東都大学リーグ4年生の進路がほぼ決まった。東洋大・納(おさめ)大地外野手(4年=智弁学園)は、大学卒業を機に野球から離れることを決意。高校時代にはセンバツを制し、U18アジア選手権でMVPにも輝いた男は、夢であるパイロットを目指して歩み出す。

人生の転機は大学2年だった。智弁学園では「1番二塁」で、3年春にセンバツ優勝。高校日本代表にも選ばれ、U18アジア選手権ではMVPを獲得した。東洋大進学後は、1年春からリーグ戦出場を果たした。順風満帆に見えたが、2年時に不調でベンチを外れると、今まで経験したことのない屈辱感に襲われた。「周りに見る目がないから試合に出られないんだ」。練習に身が入らず、遊びを優先させた。そんな状態で2カ月たった頃、ふとグラウンドを見ると、野球に打ち込むチームメートたちが輝いて見えた。「周りの環境のせいにするのは間違っている。やれるところまでやってみよう」。

気持ちを入れ替えて野球に取り組み、3年春の大学選手権からスタメン復帰。同年秋も10試合に出場した。就活に入ると、不動産会社をはじめ、3社から内定をもらった。それでも「4年春のリーグ戦でアピールして、社会人野球がどこかあれば」と、春のリーグ戦に野球人生をかけたが、コロナ禍で同リーグ戦は中止に。そんな中でよみがえったのが、小さいころからの夢だった。「後悔する人生にしたくない」と、憧れていたパイロットへの道に進むことを決意した。

幼いころは、空港でワクワクした。あの気持ちは今でも忘れない。「大学2年の時、チームメートにこの夢を話したら、みんなに笑われました。でも、夢のままでは終わらせたくないですから」。

逃げの人生と言われないために-。今年4月には宅地建物取引士(宅建)の資格取得に挑戦。約6カ月、死に物狂いで勉強した。早朝から図書館で勉強。練習では、単語帳をポケットに忍ばせた。練習が終わると、寮の門限まで近くのファミレスへ。野球と勉強を両立し、合格率20%未満と言われる難関の国家資格を見事突破した。これを機に内定を断り、両親にパイロット挑戦と、そのために海外留学することを伝えた。

現在は米国の2、3の航空コースがある大学から、いい返事を得ている。コロナ禍が落ち着き次第、あらためて入学の手続きを踏む予定。それまでは、勉強を続けながらアルバイトで費用をためていく。

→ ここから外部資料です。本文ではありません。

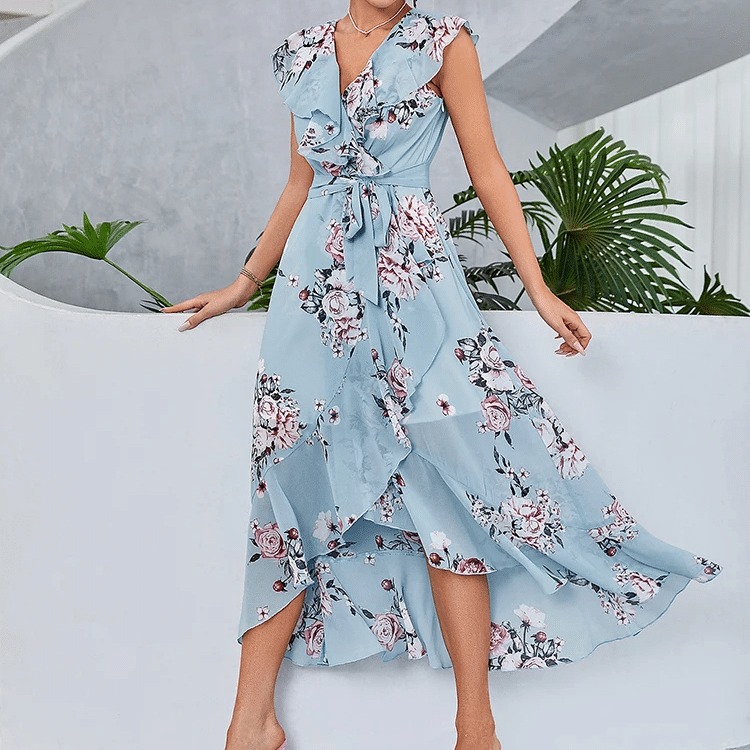 Cottagecore Blue Sleeveless and Sophisticated Dress - Image 5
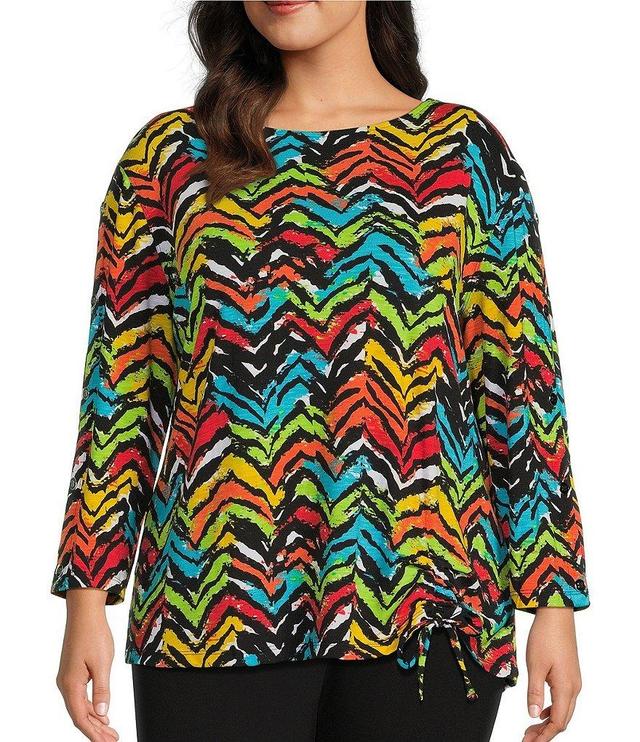 Multiples Plus Size Chevron Print Slub Knit Bateau Neck 3/4 Sleeve Drawstring Hem Top Product Image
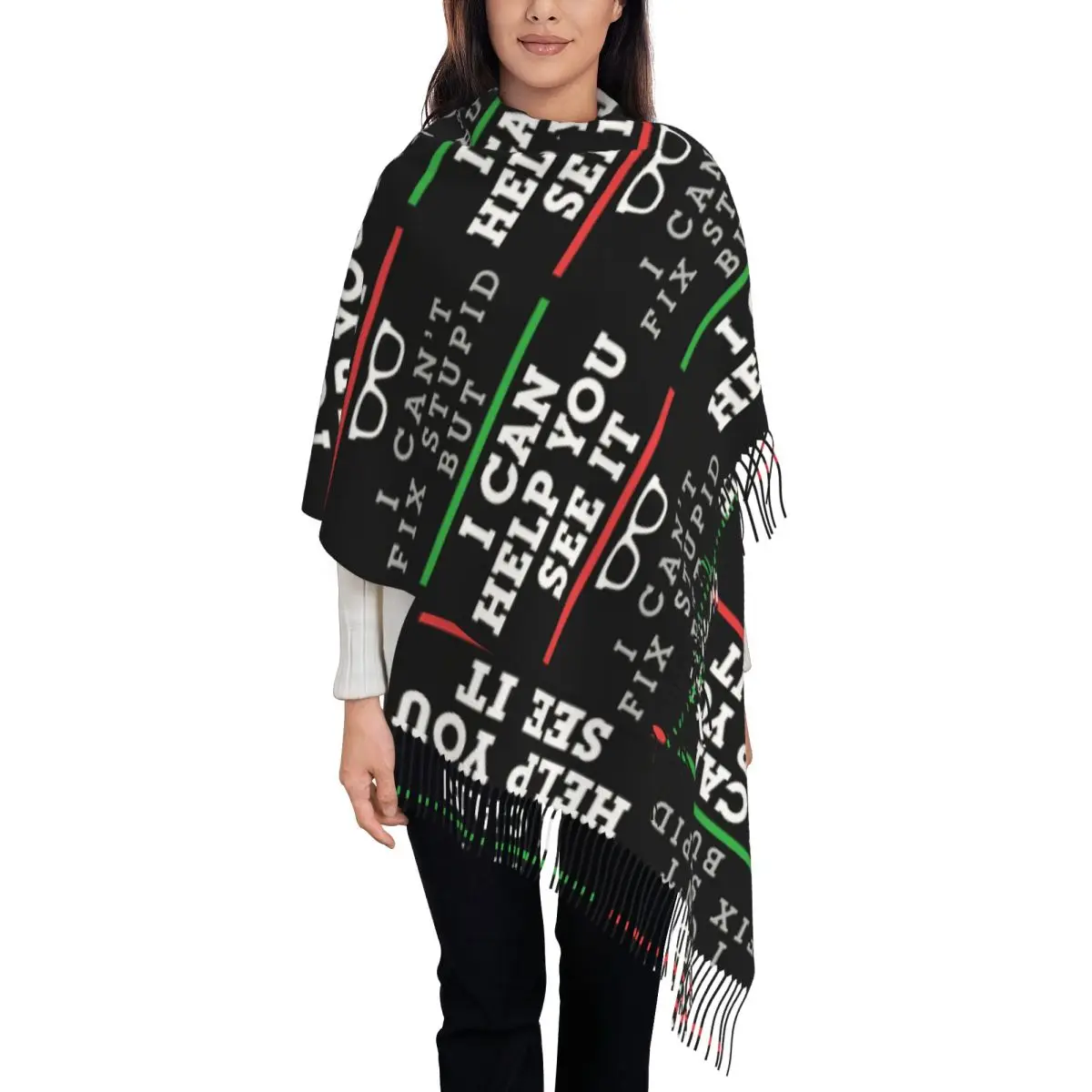 Optometrist Optometry Ophthalmology Funny Saying See Stupid Scarf Tassel Scarves for Women Shawls Wraps Fall Winter Shawl Wrap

野球には未練はない、と言い切る。「強がりではありません。今は勉強も楽しい。もっと世界を知りたい。今まで野球以外、何もしてこなかったから。でも、野球があったから、ここにたどり着いた。野球がなければ自信を持って前に進めませんでした」と、すがすがしい笑顔を見せた。

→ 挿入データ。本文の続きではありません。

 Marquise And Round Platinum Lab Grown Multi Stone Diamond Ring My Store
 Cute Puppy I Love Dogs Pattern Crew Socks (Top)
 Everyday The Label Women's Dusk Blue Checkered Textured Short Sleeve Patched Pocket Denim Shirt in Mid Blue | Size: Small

「人生、野球だけじゃないで。世界は広い。おもろいこと、いっぱいあるやん!」と胸を張って言える。チームメートからは「お前、人生、楽しんでるな」と言われる。「留学も楽しみ。あれもこれも…やりたいことばかり。人生、時間が足りないです」。野球を通して培われた精神で、新たな人生を切り開く。納は、生き生きと輝いている。【保坂淑子】

◆納大地(おさめ・だいち)1998年(平10)7月22日生まれ、奈良県出身。小1から野球を始め、羽曳野ボーイズを経て智弁学園に進学。1年夏、3年春、夏の甲子園出場し3年春のセンバツは全国制覇。高校日本代表にも選ばれU18アジア選手権ではMVPを獲得した。東洋大では1年春からベンチ入り。175センチ、70キロ。右投げ左打ち。